L'écrit ne répondant pas aux exigences de l'article 1173 du Code civil peut prouver l'existence d'une obligation s'il est corroboré par des témoignages et des présomptions qu'il appartient au demandeur de rapporter.

L'inobservation des formalités de l'article 1173 du Code civil prive seulement l'écrit de sa force probante, mais n'affecte pas la validité de l'acte et ne fait pas obstacle à ce qu'il constitue un commencement de preuve par écrit.

Il appartient dès lors à celui qui invoque l'existence d'un prêt de compléter ce commencement de preuve en application des dispositions de l'article 1194 du Code civil, et ce par un écrit qui émane de celui contre lequel la demande est formée et qui rend vraisemblable le fait allégué.

En l'espèce, M. LA. ne produit aucun élément émanant de M. DE LU., les seules pièces produites étant les ordres de virement des sommes litigieuses (avec une mention manuscrite de celui-ci sur le virement du 18 novembre 2013 portant sur une somme de 500 euros).

Ces documents démontrent seulement la remise de fonds à M. DE LU. mais nullement son obligation de les rembourser dans le cadre d'un prêt.

Il convient dans ces circonstances de débouter M. F LA. de sa demande principale en paiement et subséquemment de sa demande de dommages et intérêts pour résistance abusive.

  • Sur la demande en dommages et intérêts présentée par M. DE LU.

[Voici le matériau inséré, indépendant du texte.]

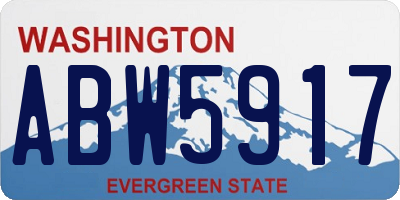 WA license plate ABW5917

L'action en justice représente l'exercice d'un droit qui peut dégénérer en abus de droit en cas d'intention de nuire ou d'erreur équipollente au dol ; une telle démonstration n'est pas faite au cas d'espèce ;

M. DE LU. sera dès lors débouté de ce chef de demande.

  • Sur les dépens

Succombant dans ses prétentions, M. F LA. sera condamné aux dépens par application de l'article 231 du Code de procédure civile.

Dispositif🔗

PAR CES MOTIFS,

LE TRIBUNAL,

Statuant publiquement, contradictoirement et en premier ressort,

Déboute M. F LA. de l'intégralité de ses demandes ;

Déboute M. G DE LU. de sa demande de dommages et intérêts ;

Condamne M. F LA. aux dépens, distraits au profit de maître Sophie LAVAGNA, avocat défenseur, sous sa due affirmation ;

Ordonne que lesdits dépens seront provisoirement liquidés sur état par le greffier en chef, au vu du tarif applicable ;

Composition🔗

Ainsi jugé par Madame Michèle HUMBERT, Premier Juge chargé des fonctions de Vice-Président, Chevalier de l'Ordre de Saint-Charles, Monsieur Sébastien BIANCHERI, Premier Juge, Monsieur Michel SORIANO, Premier Juge, qui en ont délibéré conformément à la loi assistés, lors des débats seulement, de Madame Laurie PANTANELLA, Greffier ;

Lecture du dispositif de la présente décision a été donnée à l'audience du 14 JUILLET 2016, dont la date avait été annoncée lors de la clôture des débats, par Madame Michèle HUMBERT, Premier Juge chargé des fonctions de Vice-Président, Chevalier de l'Ordre de Saint-Charles, assistée de Madame Carole FRANCESCHI, Greffier stagiaire, en présence de Mademoiselle Alexia BRIANTI, Substitut du Procureur Général, et ce en application des dispositions des articles 15 et 58 de la loi n° 1.398 du 24 juin 2013 relative à l'administration et à l'organisation judiciaires.